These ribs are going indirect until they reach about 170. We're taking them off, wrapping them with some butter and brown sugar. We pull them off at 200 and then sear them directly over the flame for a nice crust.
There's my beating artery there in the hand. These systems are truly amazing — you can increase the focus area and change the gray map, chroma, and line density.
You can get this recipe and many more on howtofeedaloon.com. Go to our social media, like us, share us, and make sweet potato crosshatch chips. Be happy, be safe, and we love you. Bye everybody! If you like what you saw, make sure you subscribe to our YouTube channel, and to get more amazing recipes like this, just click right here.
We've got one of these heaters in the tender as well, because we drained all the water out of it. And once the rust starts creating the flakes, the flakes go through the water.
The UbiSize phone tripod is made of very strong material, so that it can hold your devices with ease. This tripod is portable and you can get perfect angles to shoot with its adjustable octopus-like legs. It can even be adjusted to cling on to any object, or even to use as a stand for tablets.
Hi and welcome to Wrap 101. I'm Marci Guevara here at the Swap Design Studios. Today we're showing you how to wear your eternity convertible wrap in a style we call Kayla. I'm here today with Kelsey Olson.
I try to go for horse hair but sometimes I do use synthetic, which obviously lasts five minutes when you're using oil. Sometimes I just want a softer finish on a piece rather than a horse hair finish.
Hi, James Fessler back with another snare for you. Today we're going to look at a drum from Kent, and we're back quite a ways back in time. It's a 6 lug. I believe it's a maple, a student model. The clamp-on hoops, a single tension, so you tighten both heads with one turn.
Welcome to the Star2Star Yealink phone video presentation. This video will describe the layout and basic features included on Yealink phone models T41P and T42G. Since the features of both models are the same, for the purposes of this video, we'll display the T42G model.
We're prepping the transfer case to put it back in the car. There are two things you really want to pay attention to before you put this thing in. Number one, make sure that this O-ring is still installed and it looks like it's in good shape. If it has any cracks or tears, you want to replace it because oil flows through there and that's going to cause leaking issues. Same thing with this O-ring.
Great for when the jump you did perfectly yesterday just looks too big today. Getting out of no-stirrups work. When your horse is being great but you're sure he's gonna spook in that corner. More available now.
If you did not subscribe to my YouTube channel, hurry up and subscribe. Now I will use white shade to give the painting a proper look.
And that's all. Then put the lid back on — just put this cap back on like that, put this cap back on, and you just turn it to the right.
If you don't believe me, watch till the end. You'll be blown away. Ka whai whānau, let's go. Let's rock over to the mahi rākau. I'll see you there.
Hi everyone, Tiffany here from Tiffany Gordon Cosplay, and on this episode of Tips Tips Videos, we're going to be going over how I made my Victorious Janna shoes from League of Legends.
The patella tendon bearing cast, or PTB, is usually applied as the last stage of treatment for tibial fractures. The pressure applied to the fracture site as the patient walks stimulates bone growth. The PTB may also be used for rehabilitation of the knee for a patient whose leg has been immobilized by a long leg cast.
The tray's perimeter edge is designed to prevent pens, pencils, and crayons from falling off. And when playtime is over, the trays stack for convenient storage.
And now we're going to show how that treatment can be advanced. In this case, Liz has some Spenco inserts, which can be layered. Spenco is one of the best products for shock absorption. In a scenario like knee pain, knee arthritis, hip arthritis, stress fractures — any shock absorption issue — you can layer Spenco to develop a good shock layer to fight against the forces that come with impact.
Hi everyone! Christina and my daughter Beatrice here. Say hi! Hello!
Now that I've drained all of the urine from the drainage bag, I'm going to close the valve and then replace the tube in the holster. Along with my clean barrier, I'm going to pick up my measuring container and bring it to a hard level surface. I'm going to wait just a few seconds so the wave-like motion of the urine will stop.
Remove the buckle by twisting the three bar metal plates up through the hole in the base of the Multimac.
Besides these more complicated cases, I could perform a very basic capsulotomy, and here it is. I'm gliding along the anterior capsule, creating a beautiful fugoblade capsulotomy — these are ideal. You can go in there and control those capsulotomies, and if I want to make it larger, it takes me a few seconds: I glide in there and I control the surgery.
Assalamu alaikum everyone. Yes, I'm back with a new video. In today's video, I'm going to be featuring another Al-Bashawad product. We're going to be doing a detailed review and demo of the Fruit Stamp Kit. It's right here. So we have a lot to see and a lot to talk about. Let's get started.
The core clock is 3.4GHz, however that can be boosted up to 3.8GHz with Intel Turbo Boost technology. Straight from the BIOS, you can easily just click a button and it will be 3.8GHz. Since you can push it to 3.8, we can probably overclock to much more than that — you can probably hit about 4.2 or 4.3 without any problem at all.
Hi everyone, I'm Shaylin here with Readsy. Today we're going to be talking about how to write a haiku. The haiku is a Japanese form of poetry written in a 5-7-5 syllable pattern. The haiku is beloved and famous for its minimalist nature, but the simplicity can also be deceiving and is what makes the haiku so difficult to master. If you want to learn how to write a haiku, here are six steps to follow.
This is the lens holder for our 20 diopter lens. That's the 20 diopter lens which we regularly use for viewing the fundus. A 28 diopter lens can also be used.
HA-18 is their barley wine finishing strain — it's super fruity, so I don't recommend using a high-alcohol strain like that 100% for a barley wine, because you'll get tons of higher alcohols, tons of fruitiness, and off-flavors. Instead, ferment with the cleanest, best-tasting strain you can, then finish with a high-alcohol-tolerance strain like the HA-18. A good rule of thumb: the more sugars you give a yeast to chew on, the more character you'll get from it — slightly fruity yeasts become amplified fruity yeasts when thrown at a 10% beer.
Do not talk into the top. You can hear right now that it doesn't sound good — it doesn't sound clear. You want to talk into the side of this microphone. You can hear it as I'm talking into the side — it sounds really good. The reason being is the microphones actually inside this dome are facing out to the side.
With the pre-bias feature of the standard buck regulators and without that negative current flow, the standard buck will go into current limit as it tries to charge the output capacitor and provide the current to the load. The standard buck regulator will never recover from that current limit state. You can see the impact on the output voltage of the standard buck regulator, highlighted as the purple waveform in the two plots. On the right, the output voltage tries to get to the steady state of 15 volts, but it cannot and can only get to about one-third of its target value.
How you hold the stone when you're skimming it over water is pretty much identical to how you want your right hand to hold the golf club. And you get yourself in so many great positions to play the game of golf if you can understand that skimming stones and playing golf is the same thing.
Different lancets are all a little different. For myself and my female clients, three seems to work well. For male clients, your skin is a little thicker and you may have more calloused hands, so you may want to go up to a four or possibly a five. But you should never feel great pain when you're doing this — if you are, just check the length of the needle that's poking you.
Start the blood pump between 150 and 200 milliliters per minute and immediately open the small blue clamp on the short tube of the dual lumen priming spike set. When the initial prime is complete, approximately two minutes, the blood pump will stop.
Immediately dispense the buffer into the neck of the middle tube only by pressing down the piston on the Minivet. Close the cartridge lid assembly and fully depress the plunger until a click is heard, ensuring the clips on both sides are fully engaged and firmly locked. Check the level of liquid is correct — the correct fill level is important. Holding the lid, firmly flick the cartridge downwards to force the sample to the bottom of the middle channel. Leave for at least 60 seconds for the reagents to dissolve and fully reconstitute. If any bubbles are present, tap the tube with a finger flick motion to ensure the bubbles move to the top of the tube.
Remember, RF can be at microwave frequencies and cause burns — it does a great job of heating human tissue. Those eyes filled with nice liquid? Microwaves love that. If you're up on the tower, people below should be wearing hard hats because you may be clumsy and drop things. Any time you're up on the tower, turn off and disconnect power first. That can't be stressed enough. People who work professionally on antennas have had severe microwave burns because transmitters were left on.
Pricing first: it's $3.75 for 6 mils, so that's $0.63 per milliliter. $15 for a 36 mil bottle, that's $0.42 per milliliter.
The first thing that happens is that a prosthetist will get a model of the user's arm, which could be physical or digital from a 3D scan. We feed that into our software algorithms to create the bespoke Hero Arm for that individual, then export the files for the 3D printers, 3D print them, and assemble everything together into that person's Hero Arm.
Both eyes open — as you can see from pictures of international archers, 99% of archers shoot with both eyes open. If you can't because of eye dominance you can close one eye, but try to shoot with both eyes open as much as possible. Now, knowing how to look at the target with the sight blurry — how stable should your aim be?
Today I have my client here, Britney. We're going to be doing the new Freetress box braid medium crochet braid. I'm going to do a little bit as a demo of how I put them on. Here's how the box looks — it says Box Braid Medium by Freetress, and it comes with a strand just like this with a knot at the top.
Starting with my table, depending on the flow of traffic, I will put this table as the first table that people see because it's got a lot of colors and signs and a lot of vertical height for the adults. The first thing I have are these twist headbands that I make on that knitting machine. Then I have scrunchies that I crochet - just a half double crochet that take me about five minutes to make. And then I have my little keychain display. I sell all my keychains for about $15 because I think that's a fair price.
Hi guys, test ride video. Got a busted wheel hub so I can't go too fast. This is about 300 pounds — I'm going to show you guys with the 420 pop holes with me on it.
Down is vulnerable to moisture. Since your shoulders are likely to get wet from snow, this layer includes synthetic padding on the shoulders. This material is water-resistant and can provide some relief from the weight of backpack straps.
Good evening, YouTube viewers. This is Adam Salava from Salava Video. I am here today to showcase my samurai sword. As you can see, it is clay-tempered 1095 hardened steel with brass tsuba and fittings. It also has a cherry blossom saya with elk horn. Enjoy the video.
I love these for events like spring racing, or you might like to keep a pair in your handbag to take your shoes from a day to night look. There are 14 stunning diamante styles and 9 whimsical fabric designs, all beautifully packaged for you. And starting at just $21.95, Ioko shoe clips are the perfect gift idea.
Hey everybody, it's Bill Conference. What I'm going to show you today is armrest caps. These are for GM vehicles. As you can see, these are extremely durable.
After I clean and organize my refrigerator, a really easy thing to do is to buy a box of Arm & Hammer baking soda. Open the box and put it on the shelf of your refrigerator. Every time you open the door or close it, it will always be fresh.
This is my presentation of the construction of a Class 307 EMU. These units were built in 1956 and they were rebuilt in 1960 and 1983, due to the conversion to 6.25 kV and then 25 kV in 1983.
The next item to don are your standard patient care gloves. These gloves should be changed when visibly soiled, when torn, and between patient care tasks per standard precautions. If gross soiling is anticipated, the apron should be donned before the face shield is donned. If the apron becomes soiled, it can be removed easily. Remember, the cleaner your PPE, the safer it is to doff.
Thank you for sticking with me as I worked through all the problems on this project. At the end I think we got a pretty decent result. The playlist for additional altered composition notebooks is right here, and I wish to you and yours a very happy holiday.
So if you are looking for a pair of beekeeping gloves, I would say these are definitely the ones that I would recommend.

◆ **PROMPT**
Copy, please, exactly the lines that start at the first line of the data and end at the line containing "We've got one", both kept and no others.

◆ **WORKED SOLUTION**
These ribs are going indirect until they reach about 170. We're taking them off, wrapping them with some butter and brown sugar. We pull them off at 200 and then sear them directly over the flame for a nice crust.
There's my beating artery there in the hand. These systems are truly amazing — you can increase the focus area and change the gray map, chroma, and line density.
You can get this recipe and many more on howtofeedaloon.com. Go to our social media, like us, share us, and make sweet potato crosshatch chips. Be happy, be safe, and we love you. Bye everybody! If you like what you saw, make sure you subscribe to our YouTube channel, and to get more amazing recipes like this, just click right here.
We've got one of these heaters in the tender as well, because we drained all the water out of it. And once the rust starts creating the flakes, the flakes go through the water.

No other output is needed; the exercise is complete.